RENO — A judge is the scorekeeper. A field house is named after the mayor.
The casinos here are small and cozy, filled with men and women wearing blue jeans and boots and big hair and bigger hats. But no pizza-sized pendants or boulder-sized diamond earrings.
When Nevada Las Vegas went to its first Final Four in 1977, its fans stunned the locals in Atlanta with their sparkling accouterments and nouveau riche confidence. But this isn't UNLV. It's the University of Nevada. Not Nevada-Reno, not UNR. It is most definitely not Las Vegas. It's Wolf Pack. Not Wolfpack.
It's not Steve Wynn chartering jets and introducing Donald Trump to Vegas basketball. It's Gary and Glenn Carano, brothers who own the El Dorado Hotel and Casino and manage the Silver Legacy and who support University of Nevada athletics with their hearts and their wallets.
They are not insulted to be compared to Wynn. They just wish they could be more like him. "I wish we had that kind of money to give Nevada," Gary Carano said. But not because they feel inferior. Just because they love their Wolf Pack.
This week, everybody here loves their Wolf Pack, which is among the 16 teams still alive in the NCAA men's basketball tournament -- at No. 10 the lowest surviving seed and the lone rooting interest for anyone west of Kansas. They face No. 3-seeded Georgia Tech on Friday in St. Louis. If Reno is suddenly on the basketball map, it wasn't when Kevinn Pinkney, a junior forward, arrived from Colton. "I didn't know it existed," he said. "I didn't know there was a city called Reno."

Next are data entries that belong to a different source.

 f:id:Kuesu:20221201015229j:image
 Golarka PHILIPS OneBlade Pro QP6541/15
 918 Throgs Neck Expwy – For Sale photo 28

And what did senior point guard Todd Okeson of Weskan, Kan., know? "I wasn't even sure there was a Reno. Then I got here and thought, 'This is big.' " How about you, Kirk Snyder, junior guard from Upland. What had you heard about Nevada or Reno or the Wolf Pack? "Absolutely nothing," Snyder said. "It could have been Southern Egypt for all I knew."

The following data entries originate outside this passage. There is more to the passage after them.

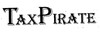 Image for mark logo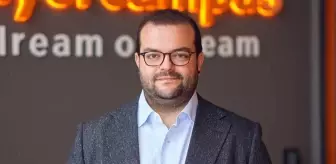 Trendyol 2025'te Türk üreticilerini dünya pazarlarına taşıdı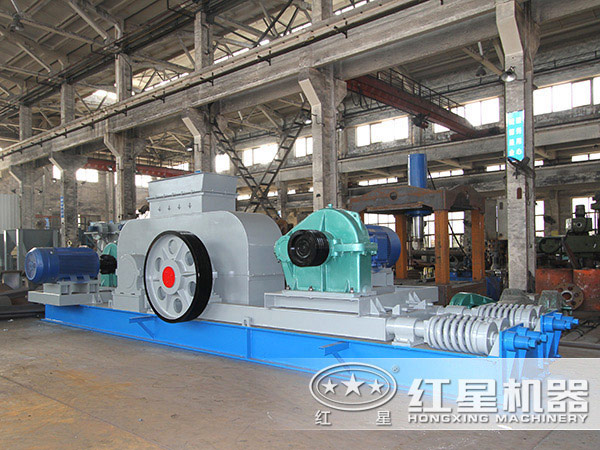 生產車間 生產車間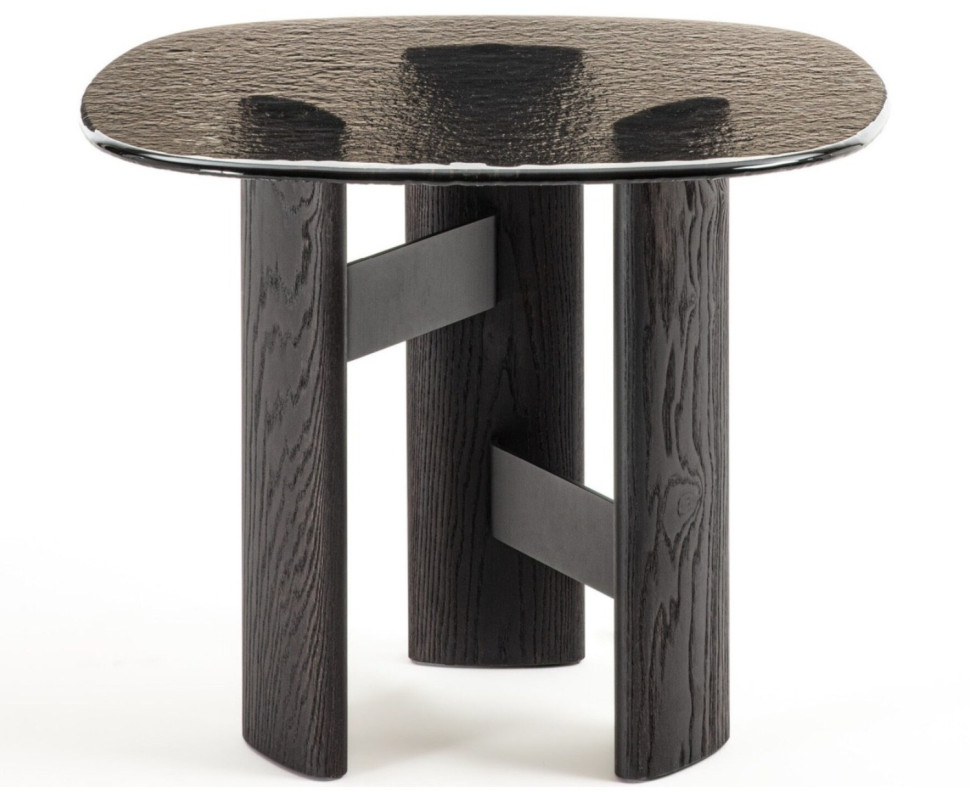 Журнальный столик Porada Latch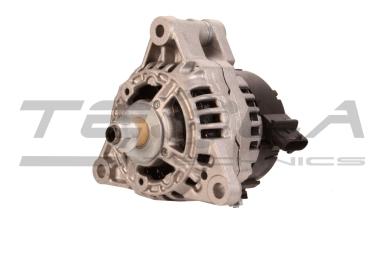 Генератор TT11270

The players aren't ashamed. For what was there to know?
It's easy to be all about Wolf Pack and wearing blue and yelling "Sweet 16, Sweet 16," at the airport Sunday night when the newest members of March Madness, Class of Cinderella, arrived home after upsetting Michigan State and Gonzaga.

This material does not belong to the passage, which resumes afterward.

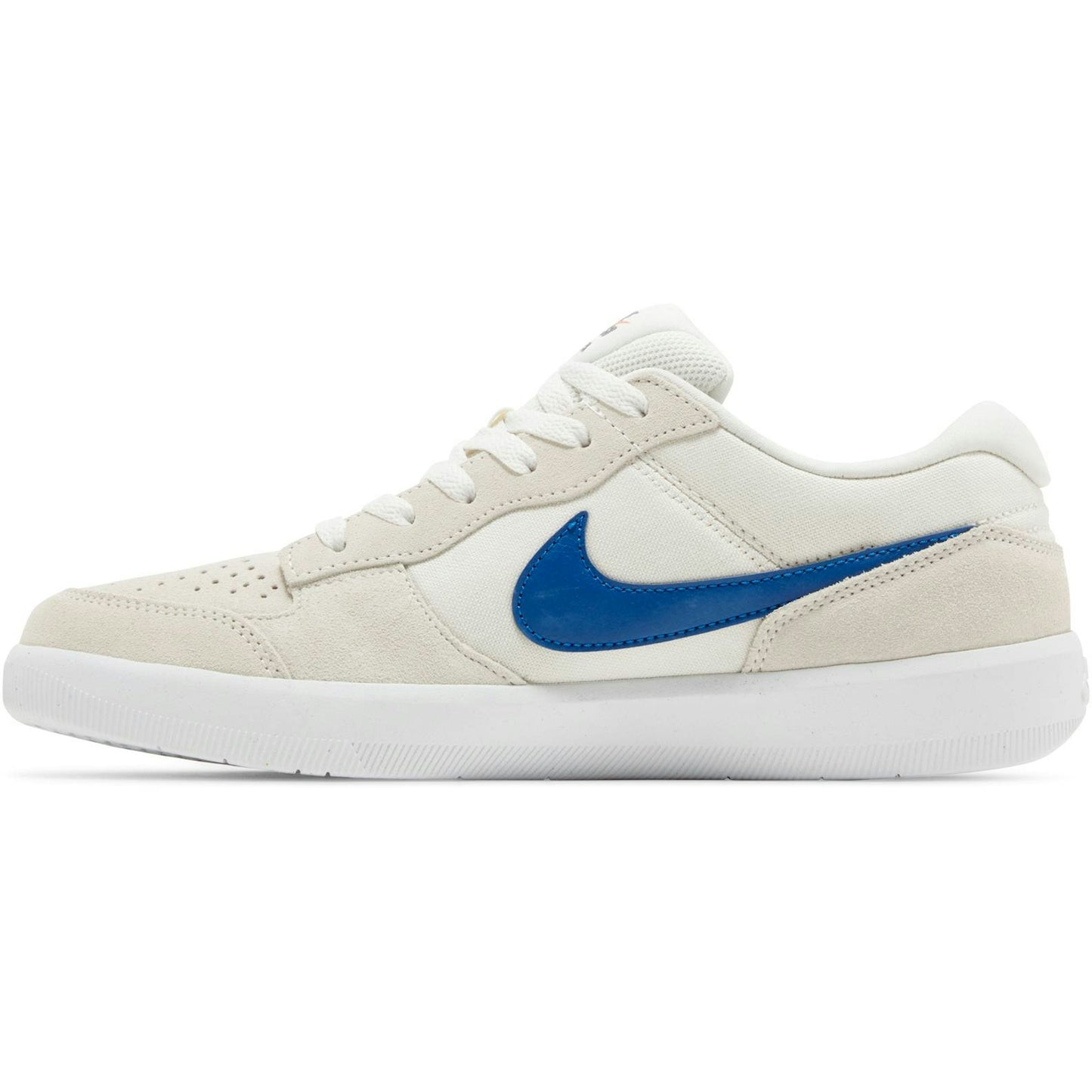 Nike Force 58 SB ‘Phantom Blue Jay’ CZ2959-007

But how about the guy who has seen more than 800 Wolf Pack games in his life, who is a 58-year-old bankruptcy judge and is still the official scorekeeper? Why is Judge Gregg Zive willing to interrupt his day to tell stories, tales of modest accomplishments and discouraging embarrassments about a college basketball team of little renown?
"Because this is a small community that has its heart invested in the Wolf Pack," Zive said.
Here is the worst moment of Zive's 40-year love affair with Wolf Pack basketball.
"It was a Monday night game, Big Monday, ESPN was here," Zive said, recalling a stumbling, bumbling, disastrous exhibition of basketball in February 1993. "We played Pacific. Kareem Abdul-Jabbar was one of the broadcasters. It was dreadful."
Mike Daniel, a State Farm insurance agent and a Wolf Pack fan since 1975, had the same memory. "We got killed," Daniel said, "and at the end Kareem had just terrible things to say about us. Which we deserved. There couldn't have been 2,000 in the 11,000-seat arena at the end."
"Two thousand," Zive said. "Try 200."
The Wolf Pack lost, 81-69. It was one of 17 losses during Len Stevens' last year as coach.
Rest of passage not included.